Your instructions:
Nothing should appear in the answer except the lines below from the line containing "魅惑の蝶の緑茶タオル キッチンタオル" through the line containing "Autumn orange pumpkins, leaves, white", copied exactly, with pictures left out.

Exercise input:
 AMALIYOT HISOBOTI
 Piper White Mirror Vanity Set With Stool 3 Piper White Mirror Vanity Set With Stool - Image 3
---
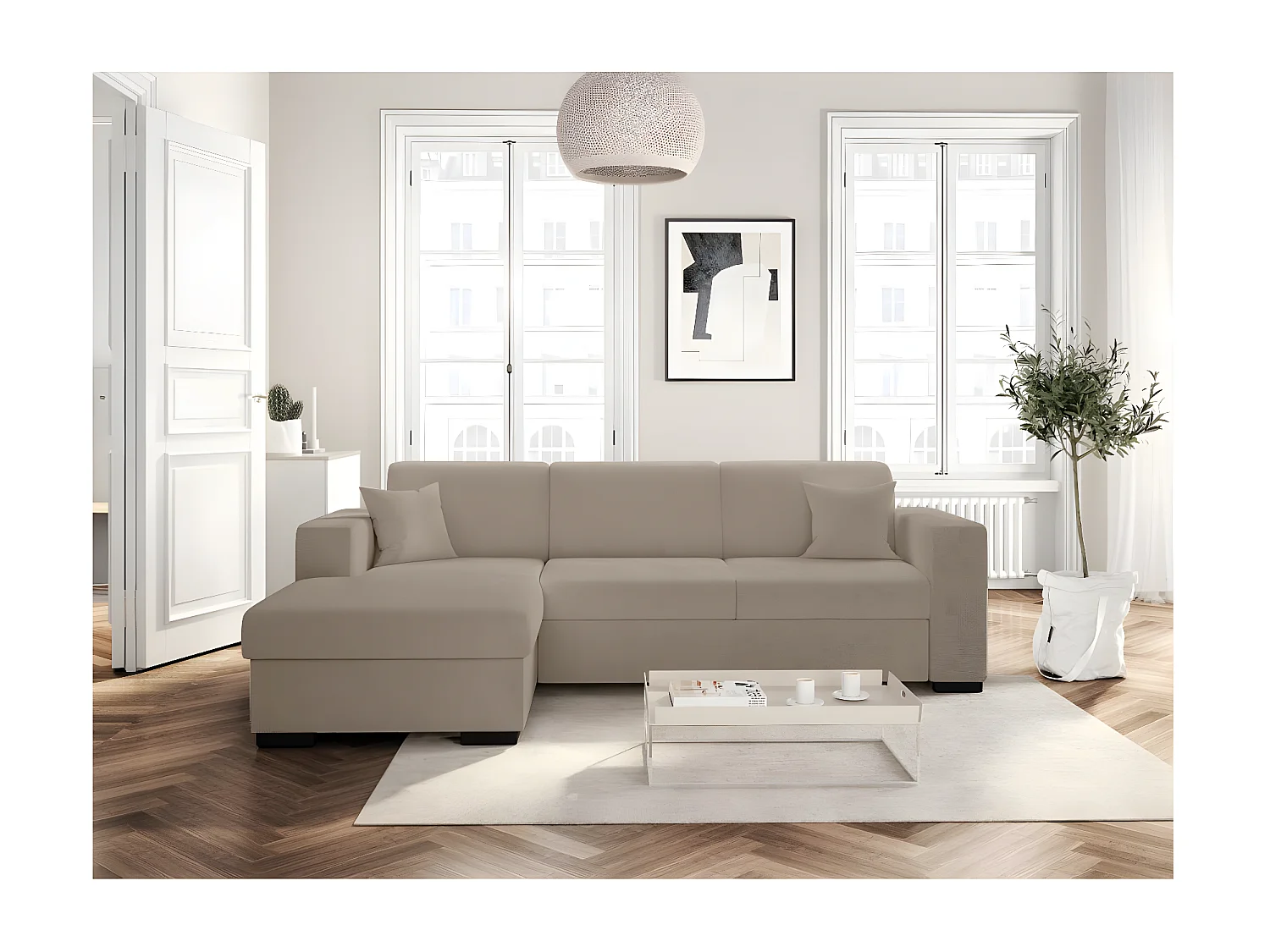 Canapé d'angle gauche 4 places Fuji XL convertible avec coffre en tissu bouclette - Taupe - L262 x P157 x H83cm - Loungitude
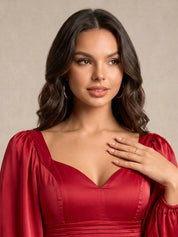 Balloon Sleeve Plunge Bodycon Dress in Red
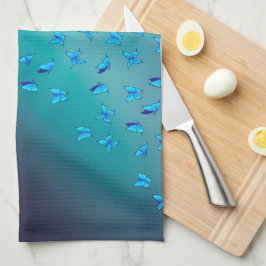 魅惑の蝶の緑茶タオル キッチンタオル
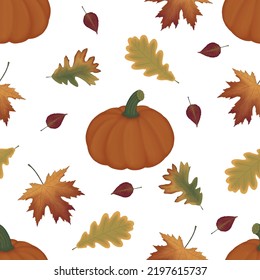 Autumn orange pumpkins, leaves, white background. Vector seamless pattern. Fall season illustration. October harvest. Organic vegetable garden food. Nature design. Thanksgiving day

Output of the exercise:
 魅惑の蝶の緑茶タオル キッチンタオル
 Autumn orange pumpkins, leaves, white background. Vector seamless pattern. Fall season illustration. October harvest. Organic vegetable garden food. Nature design. Thanksgiving day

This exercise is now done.